La teta entró al garete porque no parecía tener control. Era una enorme masa voluminosa, oscura, elegante que, naturalmente, llamaba la atención. Si no fuera por aquél pequeño detalle: no tenía pezón. Fue lo que me llamó la atención. Mi primera cliente de Uber no tenía, al menos, un pezón. Obviamente no se lo comentaría y le pregunté si era cierto que quería ir para el puerto de Miami, un destino raro porque a la una de la mañana nadie va para el puerto de Miami aunque tenga malas intenciones. Está todo oscuro allí, los cargueros se han ido y los cruceros hace rato que están surcando el Caribe.
Mientras reflexionaba en eso algo sucedió. Un brazo entró de sopetón en el carro y su mano agarró la teta, sin pezón, pa que quede claro. Con violencia. Impetuosa. Con la clara intención de querer arrastrarla y no quererla. Le gritaba, ella gritaba, yo comencé a gritar, “suelta”, le decía a la mano oscura. Ella no me escuchaba. Hice lo que tenía que hacer. Salí del carro con un mini paraguas en la mano, de esos que se encogen y a los departamentos de relaciones públicas les encanta regalar a los periodistas en las convenciones. El mío dice “National Geographic”, y me puse en posición de ataque. “Suelta”, a estas alturas ya no sabía si me refería a la clienta o la teta. Era mi primera cliente, todo un descubrimiento en el mundo del taxi.
Fue cuando me di cuenta que tenia delante un negro de dos metros de altura en la ridícula posición de estar agarrando una teta mientras yo lo amenazaba con un mini paraguas.
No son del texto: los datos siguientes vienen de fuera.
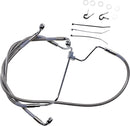 Extended Length Stainless Steel Brake Line Kit Silver For Harley Davidson FLHR 1690 2014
Nos miramos y estallamos en risa. Él la soltó. Ella estaba adolorida. Y yo no sabía que hacer. Sólo cuando la stripper salió del carro, a estas alturas ya la otra teta estaba también al garete, que todo se aclaró: “Este no es mi Uber”, dijo la dueña de la teta. Más tarde supe que se llamaba Latisha, cuando tuve que firmar la queja policial.
Si, porque en ese se apareció la policía. Hubo que llenar una queja. Uber obliga a reportar estos incidentes. El policía, William, llamó al reporte “the tit incident’. Nadie fue preso. Yo me quedé sin cliente, porque a estas alturas quien me llamó no se apareció, pero fue una bienvenida pintoresca al Uber nocturno de Miami. Pero me quedé sin resolver el problema del pezón.
Podía haber sido peor porque en Miami la policía suele disparar primero y preguntar después. Y en medio del tiroteo, en este caso en un barrio problemático, a uno no le queda otra que tirarse bajo el carro, me han contado otros colegas.
Hace dos años en Miami Beach, un individuo iba manejando por Ocean Drive y decidió sacar por la ventana su brazo con una pipa en la mano. Una mujer policía que estaba en la esquina de la calle 12 vio en ello una pistola y comenzó a disparar. Estalló la balacera, duró 10 minutos, y al día siguiente la oficina del forense reveló que al infeliz lo cosieron con 100 balazos. No 99 o 101. Fueron 100 exactamente. En medio de la carnicería queda por saber cuál de todas lo mató. No murió nadie más de puro milagro. Como sucede todavía estamos esperando el resultado de la investigación. La pipa quedó intacta en el suelo. Sobrevivió.
Miami Beach es una ciudad interesante. Rascacielos por doquier, bares por todos lados, arena a todo lo largo de sus tres islas. Pero últimamente se ha vuelto una especie de lejano oeste. El viernes pasado una mujer descubrió a su marido con otra y no le pidió explicaciones. Le dio un tiro. El pobre hombre no murió. Pero la Playa, como le dicen, estuvo cerrada dos horas.
En el Uber no pudimos hacer nada. Los pocos clientes que aparecieron lo que querían era escapar de la zona e irse a tierra firme. Me tocó una rusa, interesante ella, que lo único que decía era, “shot, they shot”. Yo intenté explicarle que ya todo había pasado pero ella insistía en repetir la escena con esa morbosidad ratera a que los muñequitos soviéticos habituaron a los niños cubanos durante décadas. ¿Se acuerdan? Las escenas de violencia repetidas al infinito, golpe tras golpe del león con la zorra. Así fue la bola aquella hasta que la dejé en Aventura, al norte de Miami Beach.
Estando precisamente en Aventura me entró otro cliente. Lo conocí al momento. Un conocido político caído en desgracia. Todavía no había llegado a la esquina cuando me dice al mejor estilo mafiosi, pero con acento oriental, de Banes para ser más preciso: “Yo a ti te conoco”.